_Work task_
An exact copy is needed of the lines in the entries below from the line with "Modern Minimalist Resin" up to and including the line with "Stickers, Vintage Blue", and of nothing else. Leave the pictures out.

_Input for this task_
----------------------------------------
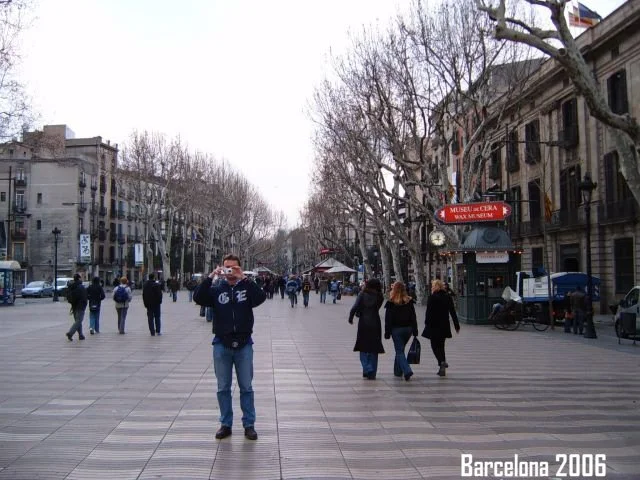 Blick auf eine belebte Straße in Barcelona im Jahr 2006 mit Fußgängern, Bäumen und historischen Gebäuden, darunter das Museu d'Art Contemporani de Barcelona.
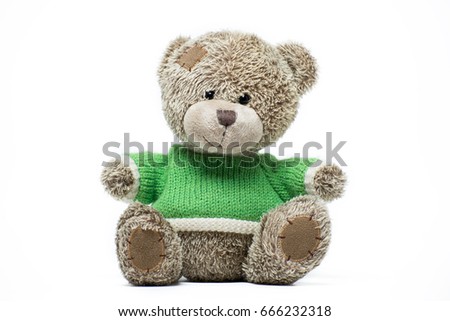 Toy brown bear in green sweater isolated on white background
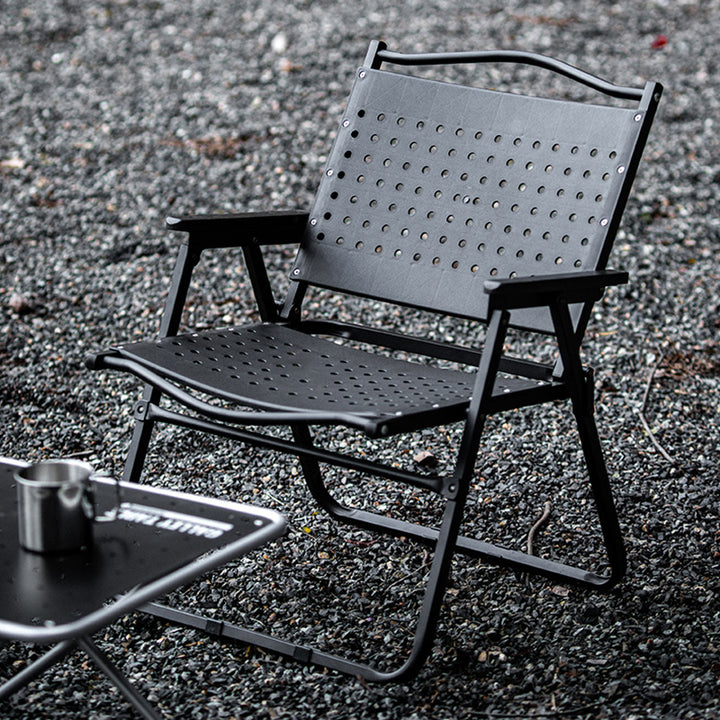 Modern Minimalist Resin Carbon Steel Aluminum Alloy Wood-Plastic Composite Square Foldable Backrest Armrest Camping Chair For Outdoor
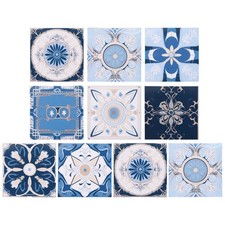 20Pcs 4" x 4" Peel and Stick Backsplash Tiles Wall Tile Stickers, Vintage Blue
----------------------------------------
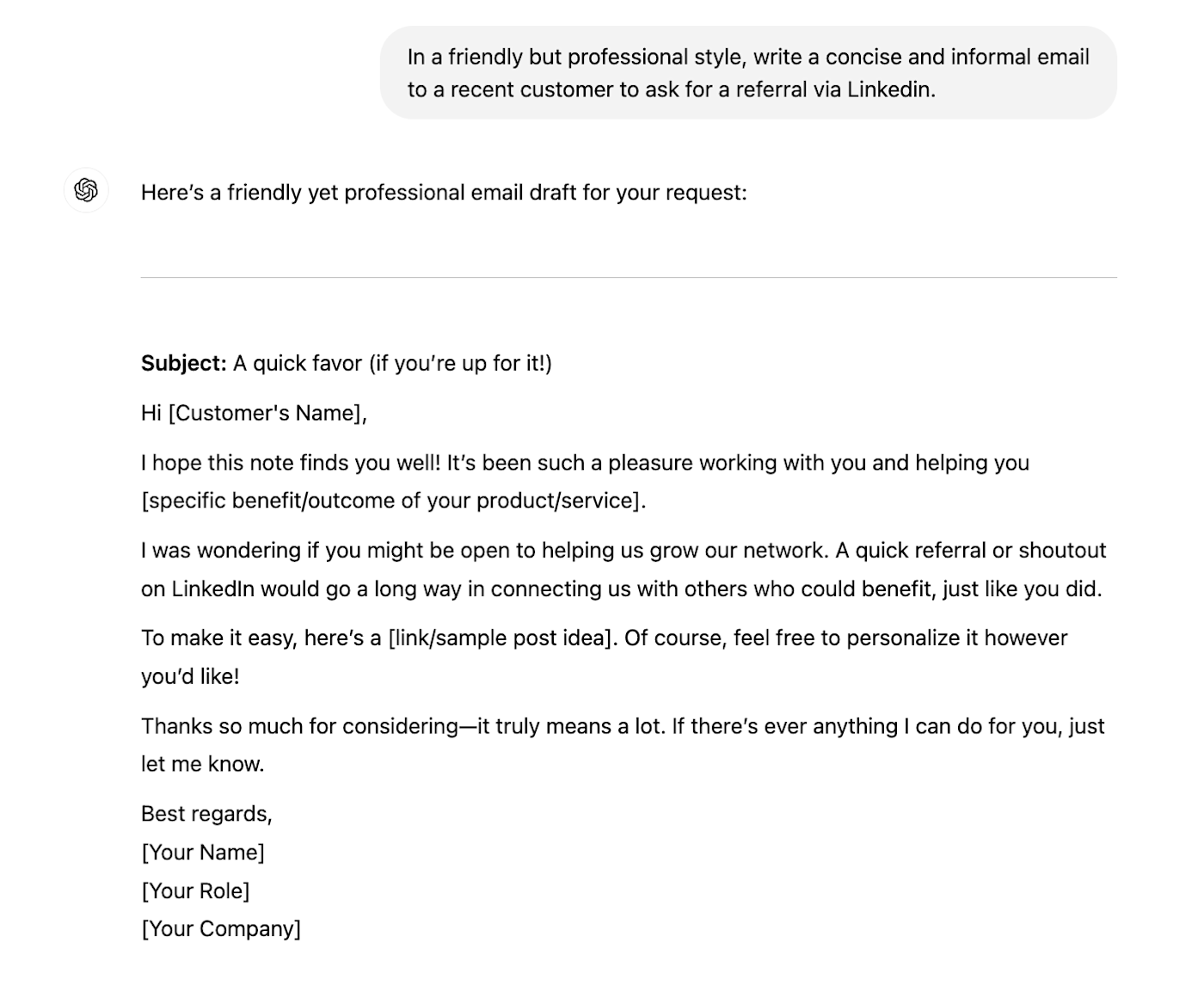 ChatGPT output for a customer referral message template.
----------------------------------------
_Solution to this task_
 Modern Minimalist Resin Carbon Steel Aluminum Alloy Wood-Plastic Composite Square Foldable Backrest Armrest Camping Chair For Outdoor
 20Pcs 4" x 4" Peel and Stick Backsplash Tiles Wall Tile Stickers, Vintage Blue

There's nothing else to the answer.